Benicia City Council will hear an appeal of a Planning Commission decision to uphold a use permit for a large family day care at 580 Cooper Drive.
The matter first was heard in a lengthy March 10 zoning administrator hearing. Dan Marks, interim Community Development Director, took 14 days to digest testimony by several Cooper Drive residents who opposed the permit as well as those residents who supported the applicant, Kristi Claverie.
Claverie has been operating the day care at a rental home at 130 Gill Way, but needs to move because the house’s owner is getting a divorce and needs to move into that home.

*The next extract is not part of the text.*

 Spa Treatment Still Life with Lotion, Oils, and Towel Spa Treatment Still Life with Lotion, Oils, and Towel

Marks approved the permit March 24, but Paula Broome and Kathleen McCrarey, who would be the day care’s neighbors, appealed to the Planning Commission, which supported Marks’s decision and denied the appeal May 14.
McCrarey, this time joined by Yamilet Alfaro-Gunion, filed a new appeal of that decision May 29, citing building code violations and lack of construction permits for work performed in the home.

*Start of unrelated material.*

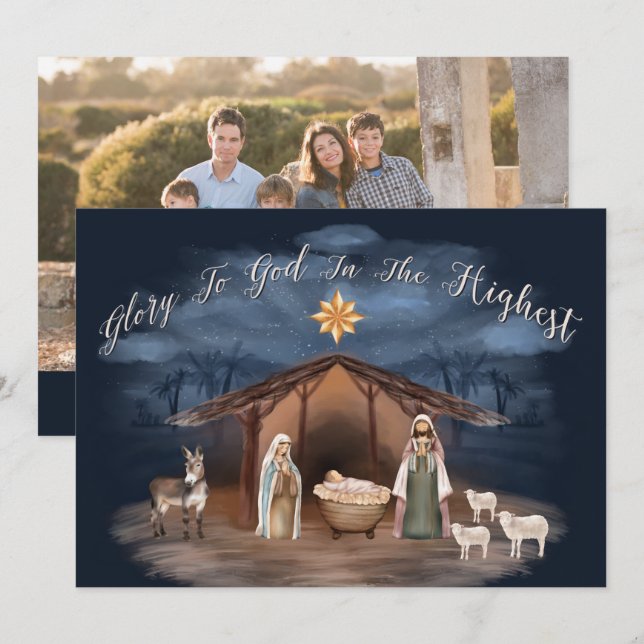 Krippe Gott Weihnachten Christliches Foto (Vorne/Hinten)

“These represent real and compelling reasons for true and thorough investigation and remediation prior to issuance of the day care permit,” their appeal read. “Addressing these safety concerns would minimize putting children in (harm’s) way.”
In testimony before the Planning Commission, neighbors said they had known for years that some construction had been done by a prior owner of the house.
In a report to the Council, Community Development Director Christina Ratcliffe wrote, “The state of California is very clear in its laws pertaining to large family day care facilities in that they must be treated the same as any other single-family residential home.”
She said California Government Code require a permit to be granted if a large family day care home complies with local ordinances that prescribe reasonable standards, restrictions, and requirements.”
Ratcliffe is recommending the Council support the use permit and deny the appeal.
She wrote that the points aired by the appellants aren’t pertinent to issuing the permit.
“The allegations of illegal construction do not rise to the level that would prevent the Council from making the required findings, especially with the multiple inspections by the city’s building inspection team,” she wrote.
She added that the current owner of the house, who bought it June 2011, had no knowledge of work done without permits, but those matters were addressed in the Planning Commission’s conditions of approval and are being handled separately by city employees.
The Council meeting will start at 7 p.m. Tuesday in the Council Chamber of City Hall, 250 East L St.
Marilyn O'Rourke says
Too many kids for a court. Either buy a house on Rose Drive or get a commercial space (ala Kindercare or Happy Hearts) for this type of operation. My full support to the neighbors of this quiet cul de sac. Let’s hope that the Council gets it’s wits and keeps it that way.